Im zweiten Prozess um die Betrugsfirma EN Storage ist zur Halbzeit keine Verständigung in Sicht.

Böblingen: Marc Schieferecke (eck)

Herrenberg - Der Boxclub war eine Art Außenstelle der Vertriebsabteilung für Wertpapiere. Selbstverständlich duzten sich die Sportfreunde. Lutz Beier, der einstige Finanz-Geschäftsführer von EN Storage, trainierte dort regelmäßig, Edvin Novalic, der einstige technische Geschäftsführer der Herrenberger Betrugsfirma allerdings nicht. „Der Edi hat es mal versucht“, sagt ein Zeuge vor dem Landgericht Stuttgart, „es war wohl nichts für ihn“.

 

Der Zeuge ist 60 Jahre alt, er steigt noch immer in den Ring. Über seine Geldanlage habe er immer mal wieder mit dem Lutz gesprochen – vor oder nach dem Training. Da war er nicht der einzige im Boxclub. Das letzte Gesprächsthema war, dass gemunkelt wurde, der Edi habe sich selbst wegen Betrugs angezeigt, die Geldanlage sei dahin. Der boxende Bauleiter hatte 100 000 Euro in Wertpapiere von EN Storage angelegt. Wie viel davon verloren ist „weiß ich nicht“, sagt er, „die Kohle kommt eh nicht wieder“.

Das erste Urteil lautete auf knapp acht Jahre Haft

Novalic ist in einem ersten Prozess wegen Betrugs zu knapp acht Jahren Haft verurteilt worden. Er hatte gestanden, gemeinsam mit Beier ein Schneeballsystem aufgebaut zu haben. 93 Millionen Euro hatten Anleger EN Storage anvertraut, angeblich um Server zu kaufen und zu vermieten. Nur knapp eine halbe Million Euro fand der Insolvenzverwalter auf den Firmenkonten. Der Prozess gegen Beier zieht sich mindestens bis zum Jahresende hin. Er leugnet, auch nur geahnt zu haben, dass die Firma nichts als ein Scheinkonstrukt war. Novalic sei für den Betrug allein verantwortlich.

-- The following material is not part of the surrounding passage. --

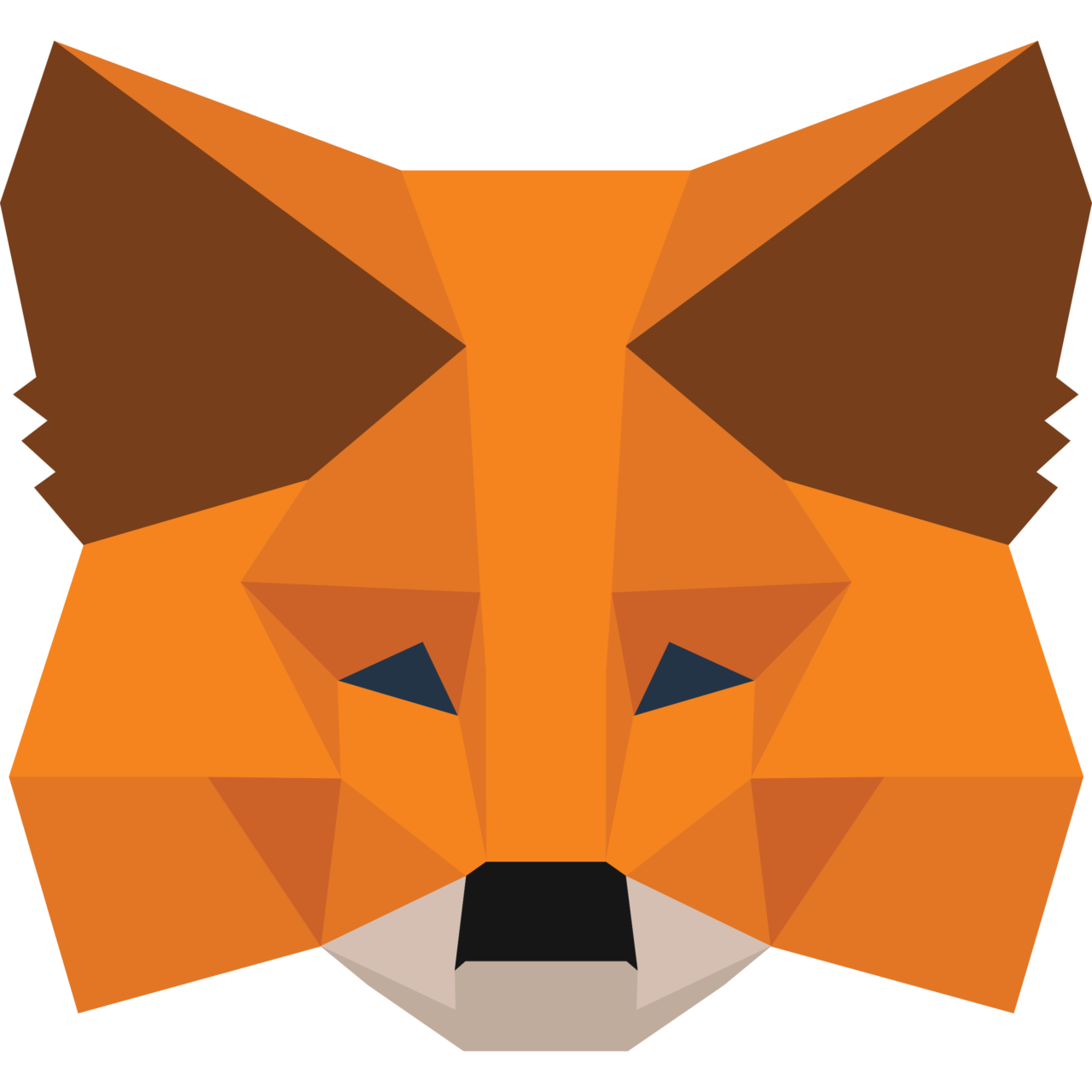 metamask logo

Die Zeugen in diesem Verfahren sind so vielfältig wie das Leben. Der Boxfreund kommt in Jeans und Schlabber-Shirt. Vor ihm hat ein Mann im grauen Anzug ausgesagt, der ebenfalls 100 000 Euro investiert hatte. Beiers Putzfrau und seine Reitlehrerin saßen auch schon im Zeugenstand. Mitarbeiter haben vom damaligen Betriebsalltag erzählt, Geprellte davon, dass sie mit dem Argument gelockt wurden, Daimler sei als Großkunde geworben worden. Vermittler von Geldanlagen haben beteuert, dass ihnen die Wertpapiere unverdächtig erschienen. Die Hälfte des Prozesses ist vorbei, nach nunmehr 19 Verhandlungstagen. Die Geschichten gleichen sich. Ein paar Dauergäste in den Zuhörerreihen protokollieren sie trotzdem allesamt – gleichsam als eine Art der Rache für ihre Verluste.

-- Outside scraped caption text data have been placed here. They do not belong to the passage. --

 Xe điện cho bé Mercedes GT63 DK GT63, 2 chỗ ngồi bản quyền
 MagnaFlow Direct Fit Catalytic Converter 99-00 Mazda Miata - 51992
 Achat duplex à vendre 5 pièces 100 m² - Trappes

Der zweite Geschäftsführer will seine Unschuld beweisen

Auch ihnen bleibt rätselhaft, wie Beiers drei Rechtsanwälte seine Unschuld belegen wollen, wie ein Geschäftsführer weder bemerkt haben soll, dass Millionengeschäfte im Ausland in bar abgewickelt wurden, noch, dass die Einnahmen der Firma fast ausschließlich aus Anlegergeld bestanden. Ein Mann sitzt bereits zum zweiten Mal im Zeugenstand. Beier hatte ihn im letzten Geschäftsjahr – 2016 – als Finanzfachmann engagiert. Vorwiegend sollte er Banken von der Kreditwürdigkeit von EN Storage überzeugen, was misslang. Nebenbei übersetzte er Geschäftspost ins Ausland ins Englische.

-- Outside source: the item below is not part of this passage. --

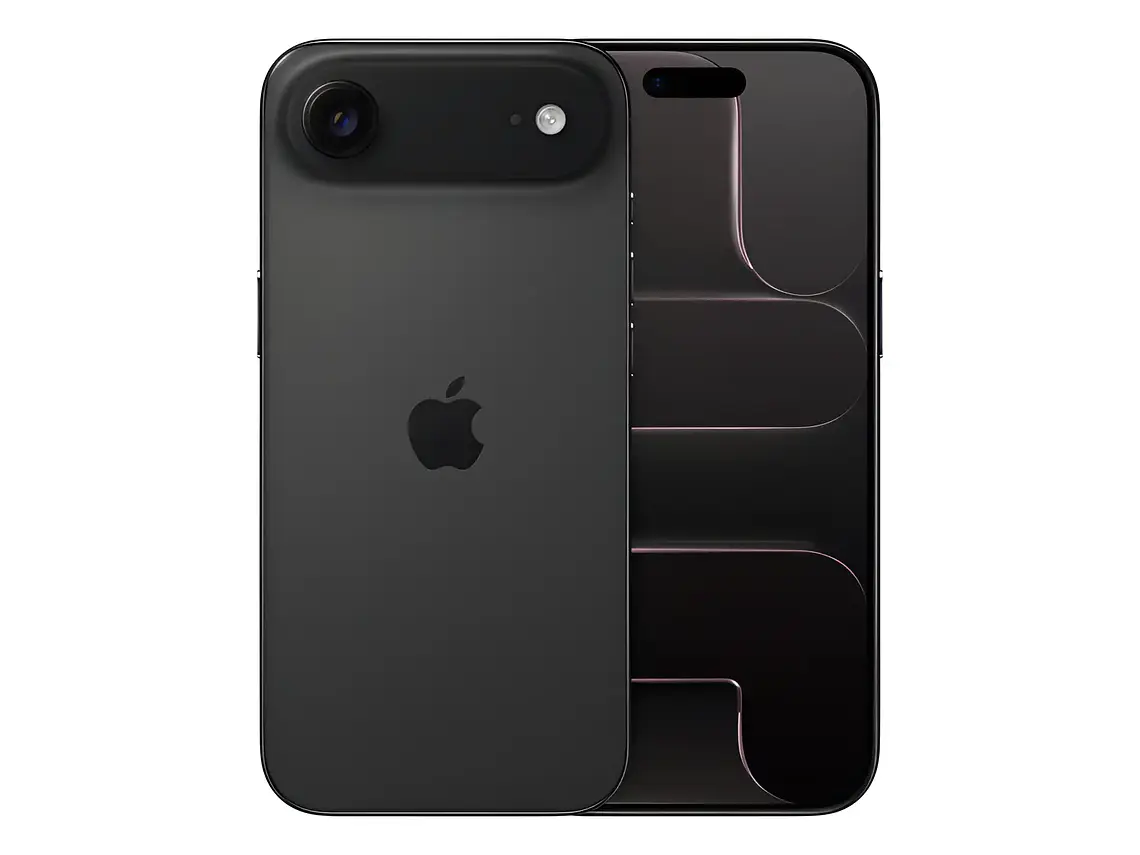 Apple iPhone Air (256 GB) - Negro espacial - Sólo eSIM - Distribuidor Autorizado 1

Hanno Kiesel, der Wortführer der Verteidiger, will von ihm wissen „wie das damals war, nicht in der Rückschau, sondern aus damaliger Sicht“. Die Rückschau wäre absurd, weil über Geschäfte gestritten wurde, die es nie gab. Lieferanten verlangten Geld für ihre Ware. Ein angeblicher Kunde in der Türkei zahlte die Rechnung für Dienstleistungen nicht. Auf dem Konto der EN Storage klaffte eine Millionen-Lücke. Um alle zu beschwichtigen, flogen die Geschäftsführer in die Türkei, nach Ungarn und Dubai. „Es war ein großes Chaos“, sagt der Zeuge. Die Geschäftspost zum Streit füllt Ordner. Kiesel verliest die seiner Meinung nach entscheidenden Auszüge.

Hans-Jürgen Wenzler, der Vorsitzende Richter, erweckt keineswegs den Eindruck, dass er beabsichtigt, diesen Prozess zu beschleunigen. Es gab einen Augenblick, in dem es schien, als könnte dies gelingen. Kiesel hatte angedeutet, dass womöglich Gespräche zwischen Gericht, Anklage und Verteidigung sinnvoll seien. Wenn sogar noch bis in den Januar hinein verhandelt würde, antwortete Wenzel, „wüsste ich nicht, was es noch zu besprechen gäbe“.